◆ Task prompt
Set the data down once more, in full and exactly.

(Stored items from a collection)
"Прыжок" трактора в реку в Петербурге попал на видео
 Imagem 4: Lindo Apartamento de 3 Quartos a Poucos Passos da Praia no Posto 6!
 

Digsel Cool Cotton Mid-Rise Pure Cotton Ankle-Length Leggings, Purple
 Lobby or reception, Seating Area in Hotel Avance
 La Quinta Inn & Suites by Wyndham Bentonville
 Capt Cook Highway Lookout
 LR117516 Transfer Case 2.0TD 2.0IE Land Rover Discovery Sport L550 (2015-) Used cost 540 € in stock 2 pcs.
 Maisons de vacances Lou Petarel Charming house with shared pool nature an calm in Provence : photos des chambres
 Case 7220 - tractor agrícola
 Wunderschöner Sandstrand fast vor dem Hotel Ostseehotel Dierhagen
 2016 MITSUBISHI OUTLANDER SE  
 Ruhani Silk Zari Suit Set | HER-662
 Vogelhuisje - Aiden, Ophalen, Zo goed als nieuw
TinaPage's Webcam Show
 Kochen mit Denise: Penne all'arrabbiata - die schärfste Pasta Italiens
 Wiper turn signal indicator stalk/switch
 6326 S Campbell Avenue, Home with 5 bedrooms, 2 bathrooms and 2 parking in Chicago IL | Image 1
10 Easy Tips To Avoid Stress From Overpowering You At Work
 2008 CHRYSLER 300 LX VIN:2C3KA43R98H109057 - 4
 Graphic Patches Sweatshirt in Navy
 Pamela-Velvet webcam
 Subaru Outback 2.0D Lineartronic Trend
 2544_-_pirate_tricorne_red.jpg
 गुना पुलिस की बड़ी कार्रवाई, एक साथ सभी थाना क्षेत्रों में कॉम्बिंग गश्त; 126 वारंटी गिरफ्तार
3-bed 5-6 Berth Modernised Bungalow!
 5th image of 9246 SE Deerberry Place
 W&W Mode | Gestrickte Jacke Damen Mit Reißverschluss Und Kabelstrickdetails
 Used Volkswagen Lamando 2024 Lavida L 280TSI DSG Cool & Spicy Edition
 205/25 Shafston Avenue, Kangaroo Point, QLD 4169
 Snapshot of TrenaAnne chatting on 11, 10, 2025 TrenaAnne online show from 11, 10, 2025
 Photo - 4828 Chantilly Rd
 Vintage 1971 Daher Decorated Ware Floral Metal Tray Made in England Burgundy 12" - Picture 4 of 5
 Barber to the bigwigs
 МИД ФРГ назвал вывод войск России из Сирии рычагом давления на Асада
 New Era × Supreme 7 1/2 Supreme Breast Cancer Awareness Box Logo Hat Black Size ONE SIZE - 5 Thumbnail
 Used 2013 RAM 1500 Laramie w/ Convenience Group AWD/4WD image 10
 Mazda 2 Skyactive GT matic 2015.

◆ Result below
"Прыжок" трактора в реку в Петербурге попал на видео
 Imagem 4: Lindo Apartamento de 3 Quartos a Poucos Passos da Praia no Posto 6!
 

Digsel Cool Cotton Mid-Rise Pure Cotton Ankle-Length Leggings, Purple
 Lobby or reception, Seating Area in Hotel Avance
 La Quinta Inn & Suites by Wyndham Bentonville
 Capt Cook Highway Lookout
 LR117516 Transfer Case 2.0TD 2.0IE Land Rover Discovery Sport L550 (2015-) Used cost 540 € in stock 2 pcs.
 Maisons de vacances Lou Petarel Charming house with shared pool nature an calm in Provence : photos des chambres
 Case 7220 - tractor agrícola
 Wunderschöner Sandstrand fast vor dem Hotel Ostseehotel Dierhagen
 2016 MITSUBISHI OUTLANDER SE  
 Ruhani Silk Zari Suit Set | HER-662
 Vogelhuisje - Aiden, Ophalen, Zo goed als nieuw
TinaPage's Webcam Show
 Kochen mit Denise: Penne all'arrabbiata - die schärfste Pasta Italiens
 Wiper turn signal indicator stalk/switch
 6326 S Campbell Avenue, Home with 5 bedrooms, 2 bathrooms and 2 parking in Chicago IL | Image 1
10 Easy Tips To Avoid Stress From Overpowering You At Work
 2008 CHRYSLER 300 LX VIN:2C3KA43R98H109057 - 4
 Graphic Patches Sweatshirt in Navy
 Pamela-Velvet webcam
 Subaru Outback 2.0D Lineartronic Trend
 2544_-_pirate_tricorne_red.jpg
 गुना पुलिस की बड़ी कार्रवाई, एक साथ सभी थाना क्षेत्रों में कॉम्बिंग गश्त; 126 वारंटी गिरफ्तार
3-bed 5-6 Berth Modernised Bungalow!
 5th image of 9246 SE Deerberry Place
 W&W Mode | Gestrickte Jacke Damen Mit Reißverschluss Und Kabelstrickdetails
 Used Volkswagen Lamando 2024 Lavida L 280TSI DSG Cool & Spicy Edition
 205/25 Shafston Avenue, Kangaroo Point, QLD 4169
 Snapshot of TrenaAnne chatting on 11, 10, 2025 TrenaAnne online show from 11, 10, 2025
 Photo - 4828 Chantilly Rd
 Vintage 1971 Daher Decorated Ware Floral Metal Tray Made in England Burgundy 12" - Picture 4 of 5
 Barber to the bigwigs
 МИД ФРГ назвал вывод войск России из Сирии рычагом давления на Асада
 New Era × Supreme 7 1/2 Supreme Breast Cancer Awareness Box Logo Hat Black Size ONE SIZE - 5 Thumbnail
 Used 2013 RAM 1500 Laramie w/ Convenience Group AWD/4WD image 10
 Mazda 2 Skyactive GT matic 2015.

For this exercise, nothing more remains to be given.